**WORK REQUIRED**. Sift the material for lines containing "chart", and return them.

**DATASET EXCERPTS**.
================================

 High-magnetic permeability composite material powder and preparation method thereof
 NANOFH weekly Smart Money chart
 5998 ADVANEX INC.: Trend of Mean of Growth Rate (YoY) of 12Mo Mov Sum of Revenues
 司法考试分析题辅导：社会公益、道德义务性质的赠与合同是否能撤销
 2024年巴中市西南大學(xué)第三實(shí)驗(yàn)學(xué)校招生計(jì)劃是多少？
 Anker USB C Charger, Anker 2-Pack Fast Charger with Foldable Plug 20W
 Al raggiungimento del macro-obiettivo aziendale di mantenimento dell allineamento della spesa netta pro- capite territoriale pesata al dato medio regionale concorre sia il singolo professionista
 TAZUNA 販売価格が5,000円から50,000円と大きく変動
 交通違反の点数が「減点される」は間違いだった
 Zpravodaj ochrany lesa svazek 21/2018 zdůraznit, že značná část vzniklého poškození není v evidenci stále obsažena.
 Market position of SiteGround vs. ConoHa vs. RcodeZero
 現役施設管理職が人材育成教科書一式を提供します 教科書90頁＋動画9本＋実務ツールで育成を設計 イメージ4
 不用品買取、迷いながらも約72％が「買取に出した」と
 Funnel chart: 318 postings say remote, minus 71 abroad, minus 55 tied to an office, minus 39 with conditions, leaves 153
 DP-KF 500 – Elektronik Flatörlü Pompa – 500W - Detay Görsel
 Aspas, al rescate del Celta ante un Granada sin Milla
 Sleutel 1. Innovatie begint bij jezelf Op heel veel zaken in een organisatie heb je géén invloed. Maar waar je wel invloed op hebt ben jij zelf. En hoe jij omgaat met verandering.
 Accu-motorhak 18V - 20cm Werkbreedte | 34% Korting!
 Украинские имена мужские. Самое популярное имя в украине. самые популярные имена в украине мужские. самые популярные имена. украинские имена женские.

================================

**TASK OUTPUT**.
 NANOFH weekly Smart Money chart
 Funnel chart: 318 postings say remote, minus 71 abroad, minus 55 tied to an office, minus 39 with conditions, leaves 153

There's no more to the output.